EXERCISE BRIEF: Starting at the line below that contains "Homsolver Romantic Valentine" and ending at the line that contains "顶级复刻手表QF厂星期日历劳力士黑盘黄金2836机械36mm正面实拍图", retype each line exactly as it stands, but omit the pictures.

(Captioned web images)
((
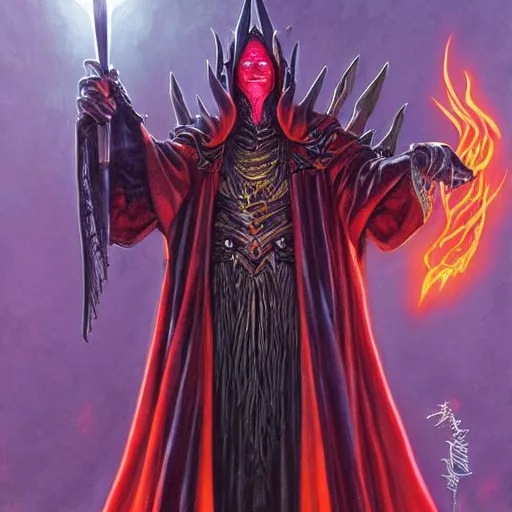 Prompt: majestic fiery Sauron the shadow Necromancer wizard by Mark Brooks, Donato Giancola, Victor Nizovtsev, Scarlett Hooft, Graafland, Chris Moore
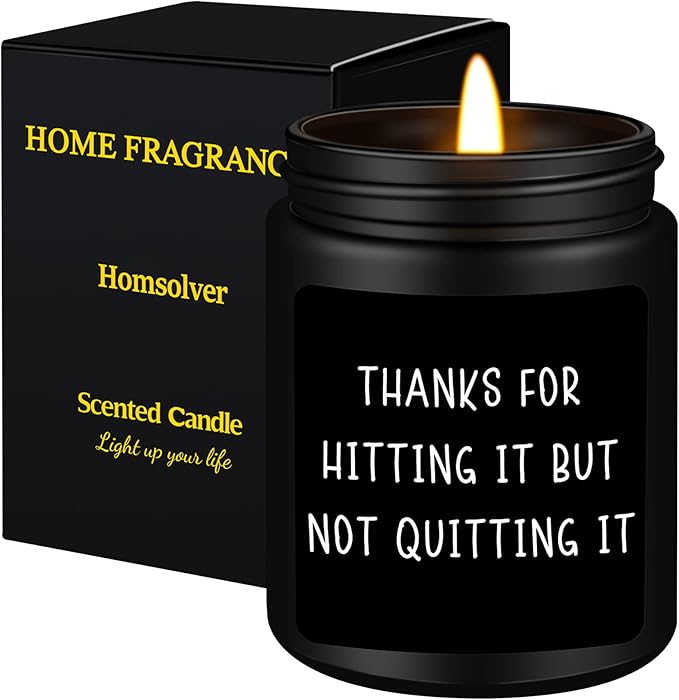 Homsolver Romantic Valentine Gifts for Men, Wedding Anniversary Christmas Valentines Day Gift for Him Boyfriend Husband-Thanks for Hitting It But Not Quitting It-Sandalwood Scented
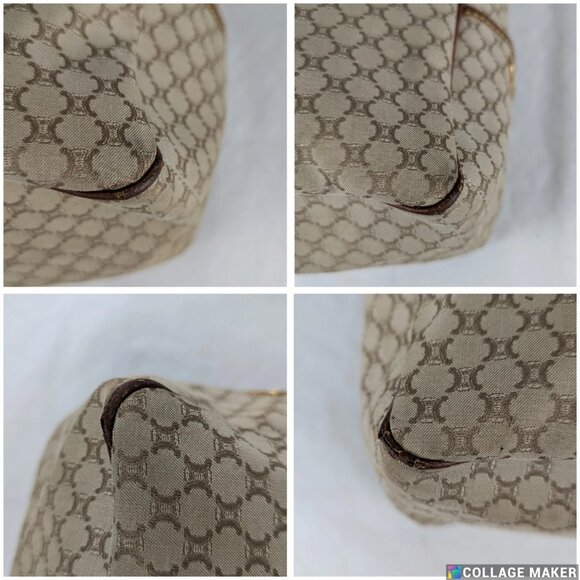 Authentic Celine Tote Bag Handbag Macadam Beige7 Vintage Based on Original Title - Picture 15 of 16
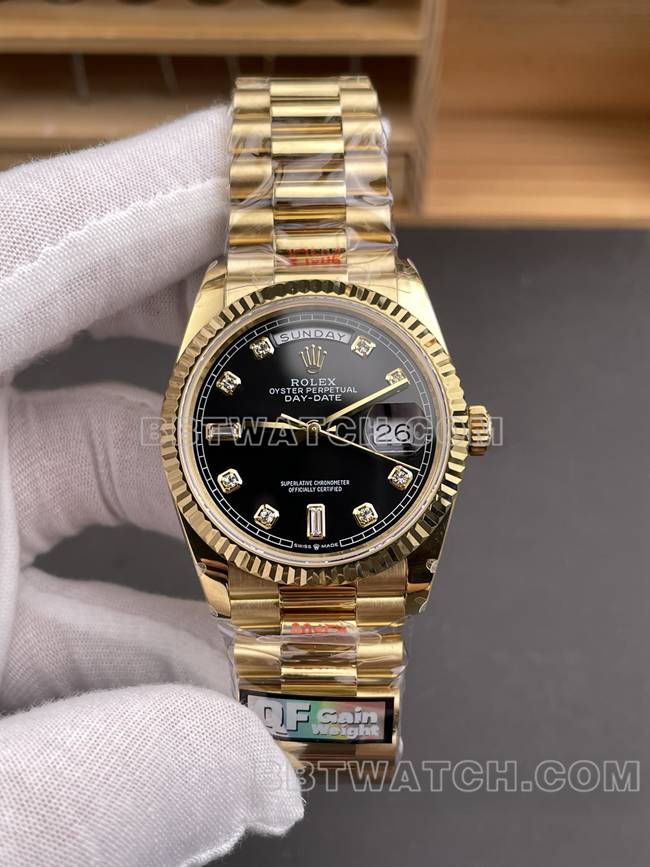 顶级复刻手表QF厂星期日历劳力士黑盘黄金2836机械36mm正面实拍图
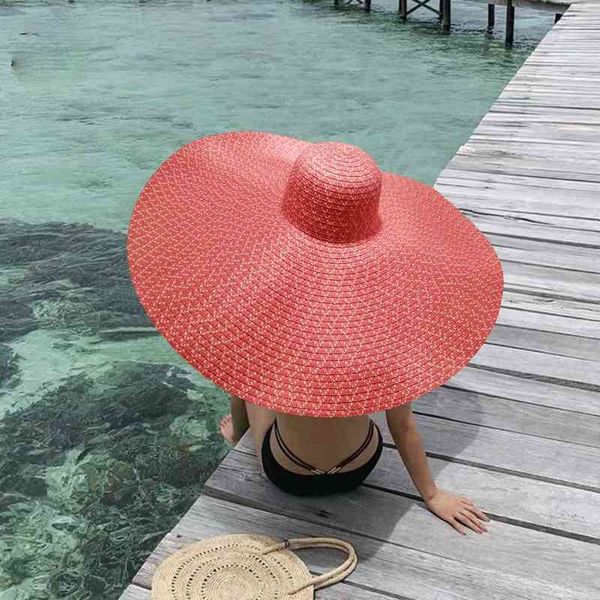 

oversized stro hat for women big wide edge summer sun head packable big paper beach travel foldable floppy hat no protection, Blue;gray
))
WORKED SOLUTION:
 Homsolver Romantic Valentine Gifts for Men, Wedding Anniversary Christmas Valentines Day Gift for Him Boyfriend Husband-Thanks for Hitting It But Not Quitting It-Sandalwood Scented
 Authentic Celine Tote Bag Handbag Macadam Beige7 Vintage Based on Original Title - Picture 15 of 16
 顶级复刻手表QF厂星期日历劳力士黑盘黄金2836机械36mm正面实拍图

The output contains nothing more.